What you should do:
Set down the full listing exactly, character for character.

Exercise materials:
§

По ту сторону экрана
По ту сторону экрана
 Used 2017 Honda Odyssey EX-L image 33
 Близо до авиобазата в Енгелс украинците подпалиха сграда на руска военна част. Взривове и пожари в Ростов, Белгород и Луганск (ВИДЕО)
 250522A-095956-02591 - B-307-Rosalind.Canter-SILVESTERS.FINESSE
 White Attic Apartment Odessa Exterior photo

§

Output of the task:
По ту сторону экрана
По ту сторону экрана
 Used 2017 Honda Odyssey EX-L image 33
 Близо до авиобазата в Енгелс украинците подпалиха сграда на руска военна част. Взривове и пожари в Ростов, Белгород и Луганск (ВИДЕО)
 250522A-095956-02591 - B-307-Rosalind.Canter-SILVESTERS.FINESSE
 White Attic Apartment Odessa Exterior photo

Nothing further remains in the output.